Chalk supports Snowflake as a SQL source. You can configure the Snowflake-specific options using the SnowflakeSource.__init__ args. Alternately, you can configure the source through your dashboard.

From the dashboard

In the dashboard, you can define the Snowflake Source along with some default configurations, such as the database, schema, and warehouse. If the role that you have provided has permissions to, you would be able to use the same Snowflake source to query other tables, but if not otherwise specified, Chalk will use the defaults set in the data source definition.

Add Snowflake

Add a Snowflake integration. These parameters will also be available as environment variables.

Snowflake
Environment

Learn more about Chalk's Snowflake Integration


Single Integration

If you have only one Snowflake connection that you’d like to add to Chalk, you do not need to specify any arguments to construct the source in your code.

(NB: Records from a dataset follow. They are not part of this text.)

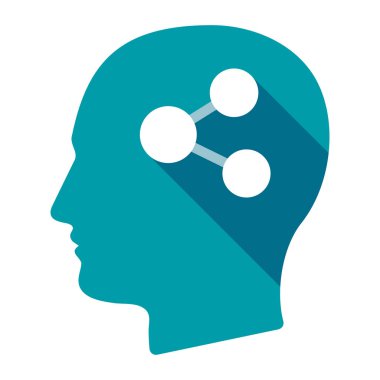 Bir ağ işaret ile izole erkek baş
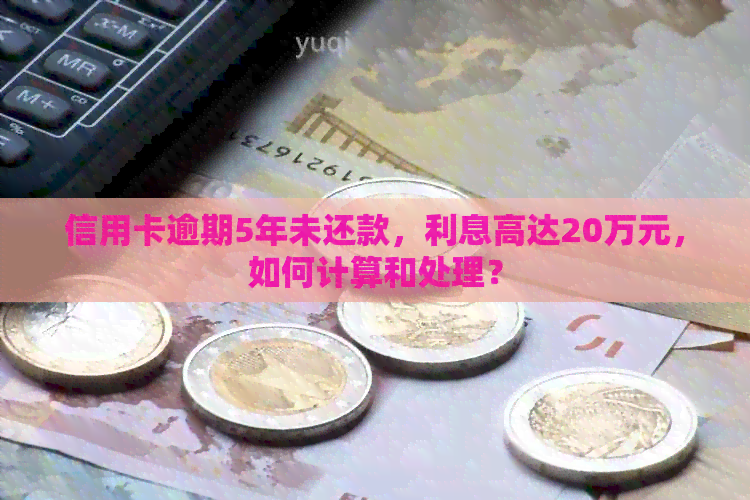 信用卡逾期5年未还款，利息高达20万元，如何计算和处理？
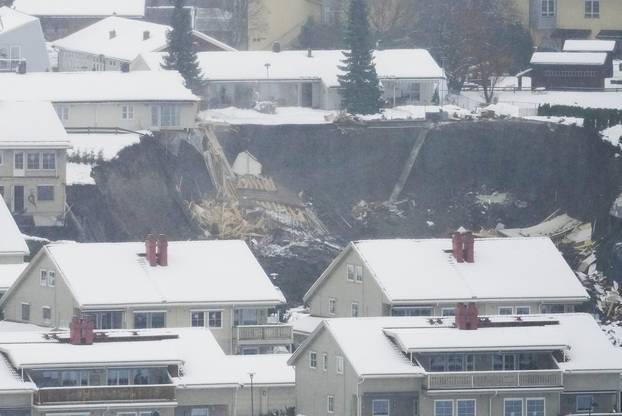 Landslide in Ask village, Norway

from chalk.sql import SnowflakeSource

snowflake = SnowflakeSource()

@online
def fn(...) -> ...:
    return snowflake.query(...).first()

Multiple Integrations

Chalk's injects environment variables to support data integrations. But what happens when you have two data sources of the same kind? When you create a new data source from your dashboard, you have an option to provide a name for the integration. You can then reference this name in the code directly.
from chalk.sql import SnowflakeSource

risk = SnowflakeSource(name="RISK")
marketing = SnowflakeSource(name="MARKETING")

@online
def risk_resolver(...) -> ...:
    return risk.query(...).first()

@online
def marketing_resolver(...) -> ...:
    return marketing.query(...).first()
Named integrations inject environment variables with the standard names prefixed by the integration name. For example, if your integration is called RISK, then the variable SNOWSQL_SCHEMA will be injected as RISK_SNOWSQL_SCHEMA.

Environment Variables

You can also configure the integration directly using environment variables on your local machine or from those added through the generic environment variable support.

import os
from chalk.sql import SnowflakeSource

snowflake = SnowflakeSource(
    db=os.getenv("SNOWSQL_DATABASE"),
    schema=os.getenv("SNOWSQL_SCHEMA"),
    role=os.getenv("SNOWSQL_ROLE"),
    warehouse=os.getenv("SNOWSQL_WAREHOUSE"),
    user=os.getenv("SNOWSQL_USER"),
    password=os.getenv("SNOWSQL_PWD"),
    account_identifier=os.getenv("SNOWSQL_ACCOUNT_IDENTIFIER")
)

@online
def resolver_fn(...) -> ...:
    return snowflake.query(...).first()

Configuring Your Snowflake Integration

If Chalk has helped you configure a Snowflake Offline Store already, then some of these commands my overlap with work that is already done. Please review your Snowflake configuration for existing objects matching the ones below before proceeding.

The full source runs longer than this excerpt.